--- Records supplied Enclosed Below ---
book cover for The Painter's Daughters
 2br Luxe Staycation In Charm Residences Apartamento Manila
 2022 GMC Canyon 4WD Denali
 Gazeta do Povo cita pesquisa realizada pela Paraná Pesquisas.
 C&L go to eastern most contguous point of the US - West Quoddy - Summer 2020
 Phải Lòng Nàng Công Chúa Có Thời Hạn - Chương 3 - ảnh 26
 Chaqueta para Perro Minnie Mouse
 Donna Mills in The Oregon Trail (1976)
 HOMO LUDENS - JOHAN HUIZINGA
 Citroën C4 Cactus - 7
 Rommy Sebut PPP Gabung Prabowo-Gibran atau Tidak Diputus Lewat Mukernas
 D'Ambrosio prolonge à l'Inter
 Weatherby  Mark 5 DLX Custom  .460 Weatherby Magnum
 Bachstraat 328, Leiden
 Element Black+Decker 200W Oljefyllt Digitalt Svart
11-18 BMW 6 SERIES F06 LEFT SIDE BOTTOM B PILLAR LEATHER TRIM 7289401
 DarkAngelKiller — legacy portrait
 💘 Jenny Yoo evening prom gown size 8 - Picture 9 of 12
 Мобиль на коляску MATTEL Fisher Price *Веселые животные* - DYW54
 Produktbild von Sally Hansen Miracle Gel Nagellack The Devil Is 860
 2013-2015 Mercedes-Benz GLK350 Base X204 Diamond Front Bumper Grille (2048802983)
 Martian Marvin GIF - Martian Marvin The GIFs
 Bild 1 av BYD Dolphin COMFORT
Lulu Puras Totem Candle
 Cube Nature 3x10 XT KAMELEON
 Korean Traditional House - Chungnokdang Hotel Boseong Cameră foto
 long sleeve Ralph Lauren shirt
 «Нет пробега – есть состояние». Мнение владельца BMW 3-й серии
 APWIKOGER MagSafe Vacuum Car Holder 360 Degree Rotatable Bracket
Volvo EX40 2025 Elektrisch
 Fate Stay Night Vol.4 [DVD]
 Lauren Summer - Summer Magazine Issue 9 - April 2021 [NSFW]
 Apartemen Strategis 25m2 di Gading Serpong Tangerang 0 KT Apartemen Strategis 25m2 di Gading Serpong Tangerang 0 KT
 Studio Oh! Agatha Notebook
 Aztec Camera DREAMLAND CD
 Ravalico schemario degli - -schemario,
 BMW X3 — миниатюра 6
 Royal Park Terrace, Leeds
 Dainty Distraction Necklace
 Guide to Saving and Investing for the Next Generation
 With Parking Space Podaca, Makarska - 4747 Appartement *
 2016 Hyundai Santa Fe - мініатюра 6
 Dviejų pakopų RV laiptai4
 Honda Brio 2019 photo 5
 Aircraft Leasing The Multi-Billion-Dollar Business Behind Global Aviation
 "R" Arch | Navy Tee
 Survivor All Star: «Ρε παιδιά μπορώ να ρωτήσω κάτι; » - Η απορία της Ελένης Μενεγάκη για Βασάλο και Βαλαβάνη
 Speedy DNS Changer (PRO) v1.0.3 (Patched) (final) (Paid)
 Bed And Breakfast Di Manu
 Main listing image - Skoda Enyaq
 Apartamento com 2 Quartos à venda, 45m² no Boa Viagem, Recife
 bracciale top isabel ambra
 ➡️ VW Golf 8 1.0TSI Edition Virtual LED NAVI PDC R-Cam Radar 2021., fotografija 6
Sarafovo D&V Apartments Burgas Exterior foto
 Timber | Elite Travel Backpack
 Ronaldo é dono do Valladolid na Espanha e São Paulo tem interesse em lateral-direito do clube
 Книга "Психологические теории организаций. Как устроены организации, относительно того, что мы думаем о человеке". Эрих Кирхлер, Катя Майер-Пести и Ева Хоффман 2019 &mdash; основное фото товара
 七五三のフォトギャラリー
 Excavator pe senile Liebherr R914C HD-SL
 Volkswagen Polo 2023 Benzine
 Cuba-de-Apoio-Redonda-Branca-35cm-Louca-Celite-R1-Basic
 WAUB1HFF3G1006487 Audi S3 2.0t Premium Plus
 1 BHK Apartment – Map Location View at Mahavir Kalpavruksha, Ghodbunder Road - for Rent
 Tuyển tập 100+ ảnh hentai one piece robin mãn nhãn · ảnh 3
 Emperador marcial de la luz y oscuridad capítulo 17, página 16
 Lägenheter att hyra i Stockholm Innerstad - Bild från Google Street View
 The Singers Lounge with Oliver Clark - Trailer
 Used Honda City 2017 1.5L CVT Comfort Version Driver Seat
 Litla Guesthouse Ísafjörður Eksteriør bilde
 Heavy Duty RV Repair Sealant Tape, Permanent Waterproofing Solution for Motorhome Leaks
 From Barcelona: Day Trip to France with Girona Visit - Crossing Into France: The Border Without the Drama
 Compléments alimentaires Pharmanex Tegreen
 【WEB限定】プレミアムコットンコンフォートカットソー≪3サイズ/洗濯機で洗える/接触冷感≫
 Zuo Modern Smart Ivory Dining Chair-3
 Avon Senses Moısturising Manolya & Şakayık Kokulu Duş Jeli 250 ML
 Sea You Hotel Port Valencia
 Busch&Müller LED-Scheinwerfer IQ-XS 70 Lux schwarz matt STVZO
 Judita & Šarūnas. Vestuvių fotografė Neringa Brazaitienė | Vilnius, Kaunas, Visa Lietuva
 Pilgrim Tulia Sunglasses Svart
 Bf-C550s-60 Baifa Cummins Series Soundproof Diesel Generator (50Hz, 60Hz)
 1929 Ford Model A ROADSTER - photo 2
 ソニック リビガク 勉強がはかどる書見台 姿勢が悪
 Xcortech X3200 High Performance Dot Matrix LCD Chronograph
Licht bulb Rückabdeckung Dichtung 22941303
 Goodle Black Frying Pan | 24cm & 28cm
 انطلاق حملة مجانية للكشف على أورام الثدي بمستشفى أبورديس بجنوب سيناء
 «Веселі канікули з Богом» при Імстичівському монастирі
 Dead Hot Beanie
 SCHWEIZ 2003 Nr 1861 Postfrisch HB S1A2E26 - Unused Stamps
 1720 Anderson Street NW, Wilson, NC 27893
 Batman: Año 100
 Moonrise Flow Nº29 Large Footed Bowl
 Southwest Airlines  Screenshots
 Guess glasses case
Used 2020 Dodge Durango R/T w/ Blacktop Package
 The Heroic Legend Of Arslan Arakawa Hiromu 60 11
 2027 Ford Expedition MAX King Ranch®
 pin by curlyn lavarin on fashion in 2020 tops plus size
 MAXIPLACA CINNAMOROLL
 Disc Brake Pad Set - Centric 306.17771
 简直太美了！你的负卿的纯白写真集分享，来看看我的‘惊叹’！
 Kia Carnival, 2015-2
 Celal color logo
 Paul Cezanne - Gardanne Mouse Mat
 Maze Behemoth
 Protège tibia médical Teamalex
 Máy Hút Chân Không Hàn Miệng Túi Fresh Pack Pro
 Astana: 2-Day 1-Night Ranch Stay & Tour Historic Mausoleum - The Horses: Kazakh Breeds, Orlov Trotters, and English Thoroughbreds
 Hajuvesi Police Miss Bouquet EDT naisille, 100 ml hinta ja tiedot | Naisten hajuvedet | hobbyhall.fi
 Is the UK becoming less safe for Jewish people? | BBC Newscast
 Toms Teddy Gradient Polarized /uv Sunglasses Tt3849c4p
--- End of Enclosed Records supplied ---
* Exercise objective *
Work through the data and count each line holding the string "Lauren". Give only that count.

* Written response *
2